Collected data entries
-------------------------

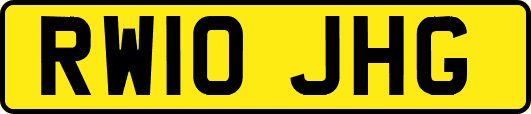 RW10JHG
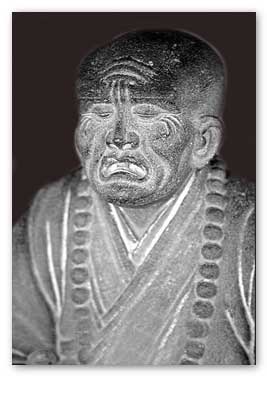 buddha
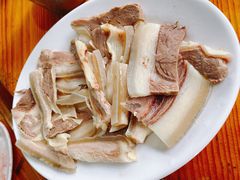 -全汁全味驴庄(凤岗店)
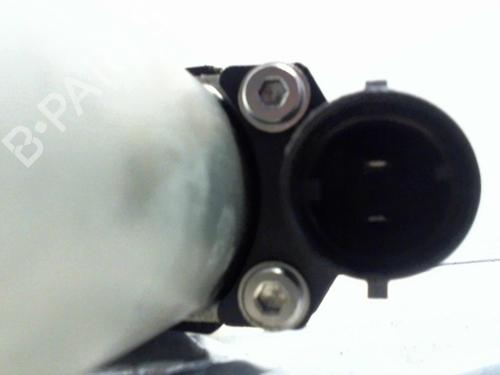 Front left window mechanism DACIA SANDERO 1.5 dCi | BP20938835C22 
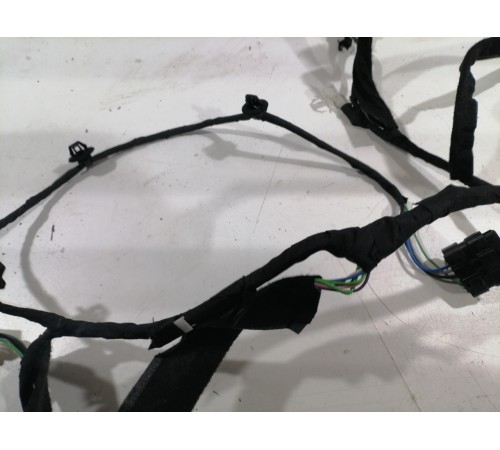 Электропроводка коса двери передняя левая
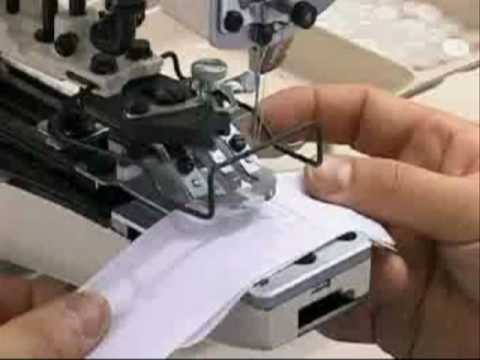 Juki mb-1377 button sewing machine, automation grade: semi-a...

-------------------------

**Exercise prompt**
Every entry should be repeated verbatim, with the pictures left out.

**Answer to this task**
 RW10JHG
 buddha
 -全汁全味驴庄(凤岗店)
 Front left window mechanism DACIA SANDERO 1.5 dCi | BP20938835C22 
 Электропроводка коса двери передняя левая
 Juki mb-1377 button sewing machine, automation grade: semi-a...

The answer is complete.